Histoire d’une mémoire souterraine
La deuxième partie de l’ouvrage offre une périodisation claire de la mémoire de l’événement : les réactions isolées, « fragmentaires », de l’opinion à l’époque même des faits, n’ont pas permis d’inscrire cette répression dans la mémoire collective française. S’ensuivit, jusqu’au début des années 1980, une période de « mémoire souterraine », expression pertinemment substituée à celles d’oubli ou d’occultation qui, jusque-là, étaient couramment utilisées pour désigner cette période pendant laquelle l’événement disparut du champ du débat public. Le souvenir de la manifestation, en effet, s’est bien perpétué, a bien continué d’exister dans certains cercles, sans quoi il n’aurait pas pu réapparaître au début des années 1980. Le cheminement de ce souvenir est ainsi pisté afin de montrer comment il put survivre et ne pas s’éteindre définitivement. Il s’avère ainsi que ce n’est pas le canal familial qui servit la transmission de cette mémoire, mais le canal militant. Les Algériens victimes de la répression, en effet, ont été dispersés par la résorption même des bidonvilles d’où ils étaient sortis en octobre 1961, et il est banal de constater que ce ne sont pas à leurs enfants que les victimes de quelque traumatisme que ce soit parlent en premier. En fait, la mémoire de l’événement a été portée par des militants engagés dans le soutien à l’indépendance algérienne, qui l’ont ensuite transmis aux mouvements politiques de l’immigration au début des années 1970, notamment le Mouvement des travailleurs arabes (MTA), qui le portèrent jusque dans les années 1980 où le mouvement antiraciste redonna à l’événement une place prioritaire dans son argumentaire anti-extrême droite.
Du début des années 1980, donc, jusqu’en 1997, année du procès de Maurice Papon, l’événement resurgit progressivement, avant de faire l’objet, à la faveur de sa redécouverte fracassante lors de ce procès, d’une véritable politique de réparation symbolique avec la pose d’une plaque au pont Saint-Michel en 2001. A noter : le rôle des autorités algériennes, qui ne firent rien pour glorifier le rôle des « émigrés » dans la lutte pour l’indépendance, est aussi pris en compte.

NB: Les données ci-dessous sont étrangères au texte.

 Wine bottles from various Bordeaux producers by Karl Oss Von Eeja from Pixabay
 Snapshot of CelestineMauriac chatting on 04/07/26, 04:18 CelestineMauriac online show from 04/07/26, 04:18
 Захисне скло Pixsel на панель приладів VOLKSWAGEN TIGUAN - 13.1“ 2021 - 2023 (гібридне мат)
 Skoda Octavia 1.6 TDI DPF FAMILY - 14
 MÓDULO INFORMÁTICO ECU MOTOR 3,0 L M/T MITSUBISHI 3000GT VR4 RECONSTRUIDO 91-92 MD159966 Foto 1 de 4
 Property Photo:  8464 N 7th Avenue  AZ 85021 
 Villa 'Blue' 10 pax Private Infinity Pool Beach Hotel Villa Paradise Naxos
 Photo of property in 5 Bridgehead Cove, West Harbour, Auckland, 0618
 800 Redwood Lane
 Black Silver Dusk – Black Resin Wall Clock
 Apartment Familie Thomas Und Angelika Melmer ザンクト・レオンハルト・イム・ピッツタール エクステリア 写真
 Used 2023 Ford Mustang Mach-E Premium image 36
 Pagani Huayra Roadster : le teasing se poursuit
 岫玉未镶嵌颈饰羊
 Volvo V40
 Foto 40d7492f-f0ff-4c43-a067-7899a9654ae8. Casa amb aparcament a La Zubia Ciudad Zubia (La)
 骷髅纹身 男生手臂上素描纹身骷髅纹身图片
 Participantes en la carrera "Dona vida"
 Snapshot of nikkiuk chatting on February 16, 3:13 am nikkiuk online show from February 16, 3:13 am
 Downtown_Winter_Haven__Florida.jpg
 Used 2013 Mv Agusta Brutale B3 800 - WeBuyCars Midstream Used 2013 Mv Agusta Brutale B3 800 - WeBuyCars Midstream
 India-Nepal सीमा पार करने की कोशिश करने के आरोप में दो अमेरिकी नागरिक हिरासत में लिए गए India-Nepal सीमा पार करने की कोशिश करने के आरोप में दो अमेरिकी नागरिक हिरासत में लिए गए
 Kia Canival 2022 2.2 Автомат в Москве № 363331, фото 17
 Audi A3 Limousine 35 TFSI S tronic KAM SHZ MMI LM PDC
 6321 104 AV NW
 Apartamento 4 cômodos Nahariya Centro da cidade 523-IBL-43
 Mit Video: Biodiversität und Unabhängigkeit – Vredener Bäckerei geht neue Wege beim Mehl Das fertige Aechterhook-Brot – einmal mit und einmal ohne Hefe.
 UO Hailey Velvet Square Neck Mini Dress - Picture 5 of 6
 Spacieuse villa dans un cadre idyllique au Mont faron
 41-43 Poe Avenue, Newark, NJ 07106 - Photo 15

Le redécouverte de l’événement, cela dit, satisfait-elle les historiens ? Neil MacMaster et Jim House prennent leur distance avec la version de l’événement mise en circulation à l’occasion de cette résurrection, à la fin de la décennie 1990, tendant à défendre sa qualification comme un « massacre ». Au contraire, Jim House et Neil MacMaster ont sciemment écarté ce mot du titre de leur ouvrage : il « évoque en effet un événement isolé, explosif, survenu en un lieu et un moment unique alors que nous avons affaire en réalité, ce livre le montre, à un cycle de violences et d’assassinats qui s’est étendu sur plusieurs semaines, sinon plusieurs mois », expliquent-ils dès l’introduction (p. 31). La thèse est étayée de façon convaincante et elle est plus effrayante encore.